Note: It is mandatory to report defaults on a weekly basis, the classification of loans as non-performing assets will still be on the 90-day-past-due criterion.
Resolution plans can be implemented individually or jointly by lenders. Complete discretion and flexibility have been given to banks to formulate their own ground rules in dealing with borrowers who have exposures with multiple banks. Lenders can implement resolution plans that are tailored to their internal policies and risk appetites. At the end of the 180 days of first default, the borrower is in default to a bank, that bank is mandated to refer the case under IBC.
One of the features notices in the past was evergreening of loans to avoid the recognition of non-performance.
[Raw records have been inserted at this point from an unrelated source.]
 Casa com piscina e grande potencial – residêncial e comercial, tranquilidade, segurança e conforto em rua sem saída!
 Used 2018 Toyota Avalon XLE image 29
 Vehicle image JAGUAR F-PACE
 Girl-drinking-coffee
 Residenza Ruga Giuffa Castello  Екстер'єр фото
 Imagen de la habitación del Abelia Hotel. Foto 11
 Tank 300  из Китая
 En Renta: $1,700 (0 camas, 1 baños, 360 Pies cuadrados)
The revised framework requires grant of additional credit facilities to a firm in financial difficulty to be treated as a case of restructuring and lists out the criteria for determining whether or not the borrower is in financial difficulty.
Repayment
- For cash credit account, the 30-day trigger has been retained.
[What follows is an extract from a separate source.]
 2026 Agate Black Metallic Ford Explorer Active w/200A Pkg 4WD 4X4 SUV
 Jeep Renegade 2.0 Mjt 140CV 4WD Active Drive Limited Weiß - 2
- The framework for restructuring has been consciously made non-applicable to the Micro, Small and Medium Enterprises (MSMEs) with borrowings of Rs 250 million and less.
Sign of improvement in the economy
- Sixth Bi-monthly Monetary Policy Statement, 2017-18 observed that there are early signs in the economy of a revival in investment activity as reflected in improving credit off take, large resource mobilization from the primary capital market, and improving capital goods production and imports.
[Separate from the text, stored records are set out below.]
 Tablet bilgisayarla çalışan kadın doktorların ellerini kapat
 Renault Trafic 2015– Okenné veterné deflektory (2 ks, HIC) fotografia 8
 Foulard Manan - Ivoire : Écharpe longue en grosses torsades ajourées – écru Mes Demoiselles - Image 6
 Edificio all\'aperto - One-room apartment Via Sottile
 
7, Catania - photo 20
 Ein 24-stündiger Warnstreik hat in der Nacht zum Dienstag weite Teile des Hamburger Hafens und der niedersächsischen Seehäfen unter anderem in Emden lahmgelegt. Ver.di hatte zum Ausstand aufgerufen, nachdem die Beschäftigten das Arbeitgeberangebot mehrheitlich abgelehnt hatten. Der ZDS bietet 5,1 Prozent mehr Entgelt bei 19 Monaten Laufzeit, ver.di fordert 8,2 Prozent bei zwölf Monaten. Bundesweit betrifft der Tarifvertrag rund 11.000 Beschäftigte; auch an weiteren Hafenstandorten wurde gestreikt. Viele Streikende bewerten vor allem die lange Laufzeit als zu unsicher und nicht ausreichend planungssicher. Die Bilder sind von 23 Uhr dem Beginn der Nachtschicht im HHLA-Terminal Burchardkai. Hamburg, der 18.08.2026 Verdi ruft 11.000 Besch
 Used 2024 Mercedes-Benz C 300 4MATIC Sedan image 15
- The process of recapitalization of PSBs has got underway, which has enhanced their ability to provide for credit losses as well as, in case of better-capitalized banks, to contribute to the credit growth.
- RBI has directed banks to file insolvency applications against largely distressed borrowers as mentioned earlier, and these accounts are getting resolved under the IBC.
- All these steps should improve credit flows further and create demand for fresh investment, which may further accelerate growth.
Most important questions which can come from Non-performing assets Resolution
Question 1: What is day limit for cash credit account?
Answer: 30 days
Question 2: What is the credit ceiling for MSME with regard to restructuring plan?
Answer: Rs. 250 million or Rs. 25 crore
Question 3: Who is the user is “user pays” model for credit opinions?
Answer: Bank
Question 4: Types of framework followed by Insolvency and Bankruptcy Code, 2016 (IBC) framework?
Answer: Time and process oriented
Question 5: What is CRILC?
Answer: Centralized database shared to RBI and all banks to monitor lender/borrowers and credit rating
Question 6: Name of a framework used by RBI for identification of stressed assets or NPA?
Answer: Assets Quality Review
Question 7: What is the major reason for the growth of NPA?
Answer: Access credit growth (20% annually) during 2006-11
Most Important terms used
Evergreening of loans, the user pays model, Internal Advisory Committee (IAC), Insolvency and Bankruptcy Code, 2016 (IBC), Central Repository of Information on Large Credits (CRILC), SDR, S4A, AQR
With this, we come to an end of this RBI speech on asset quality identification, and steps required for restructuring. Non-Performing Assets and Insolvency and Bankruptcy Code is one of the most important essay topics for UPSC, RBI Grade B, MBA admissions test.